> _WHAT YOU HAVE TO DO_:
Make an exact copy of the listing so that no picture is carried over.

> _GIVEN DATA_:
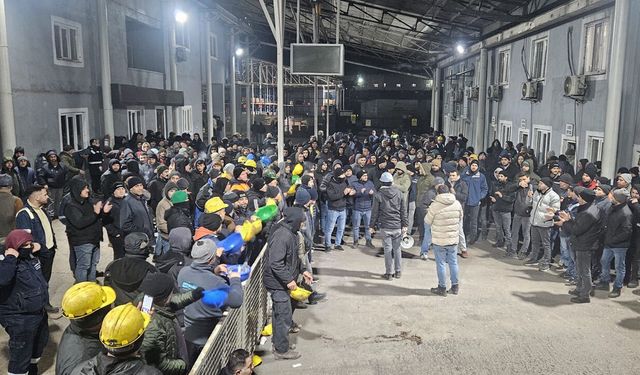 Soma’da alarm: İşçiler şirketle masada, üretim tamamen durabilir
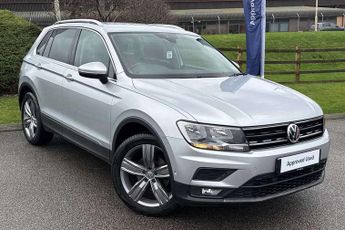 Volkswagen Tiguan 1.5 TSi EVO 150 Match 5dr DSG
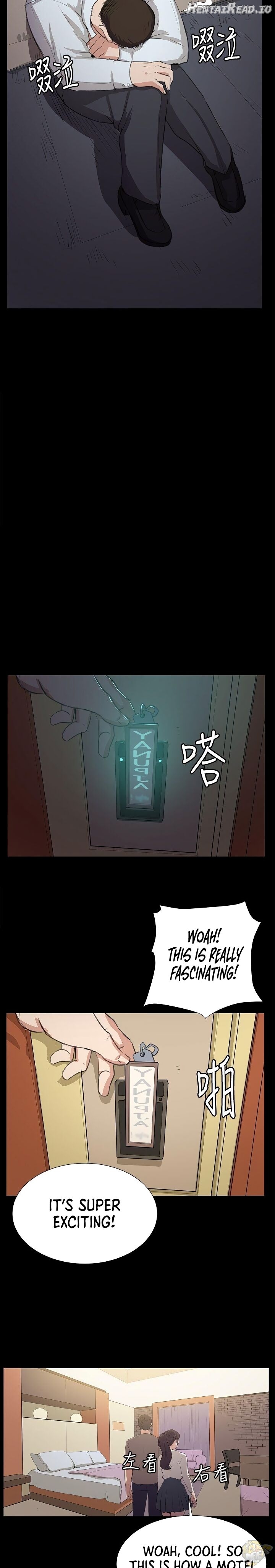 She’s too much for Me Chapter 65 - page 23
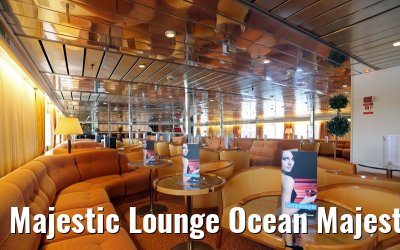 Majestic Lounge Ocean Majesty 28.05.2015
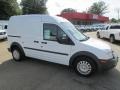 Frozen White - Transit Connect XL Cargo Van Photo No. 5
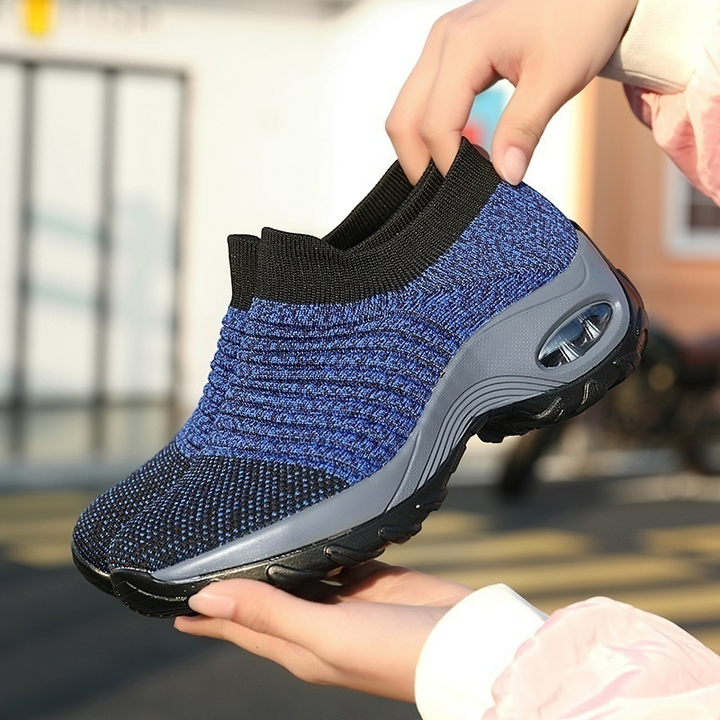 Marisol Hypersoft Hiking Shoes For Women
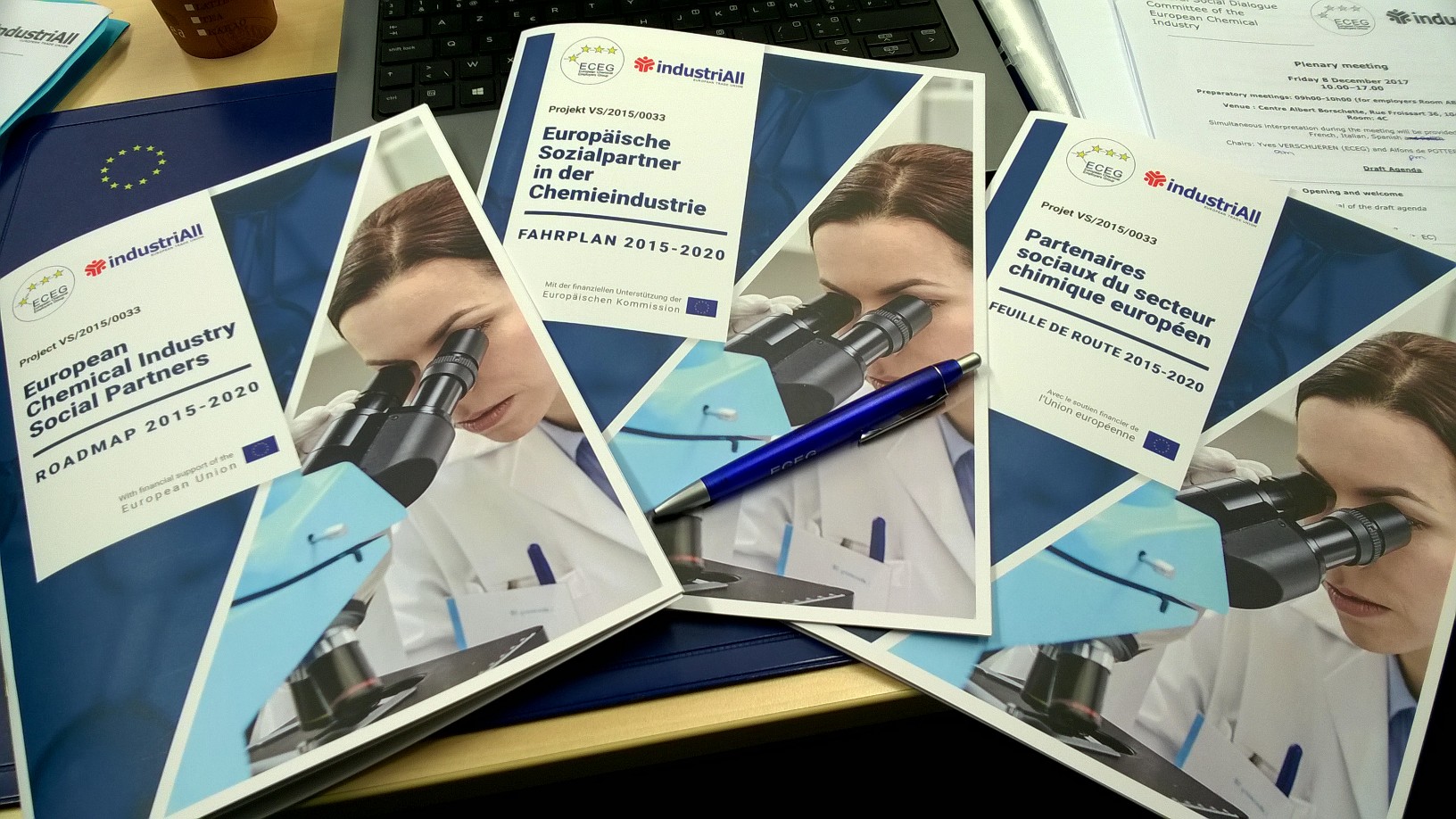 European social partners celebrate mid-term results of their Roadmap project 2015-2020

> _RESPONSE TO THE EXERCISE_:
 Soma’da alarm: İşçiler şirketle masada, üretim tamamen durabilir
 Volkswagen Tiguan 1.5 TSi EVO 150 Match 5dr DSG
 She’s too much for Me Chapter 65 - page 23
 Majestic Lounge Ocean Majesty 28.05.2015
 Frozen White - Transit Connect XL Cargo Van Photo No. 5
 Marisol Hypersoft Hiking Shoes For Women
 European social partners celebrate mid-term results of their Roadmap project 2015-2020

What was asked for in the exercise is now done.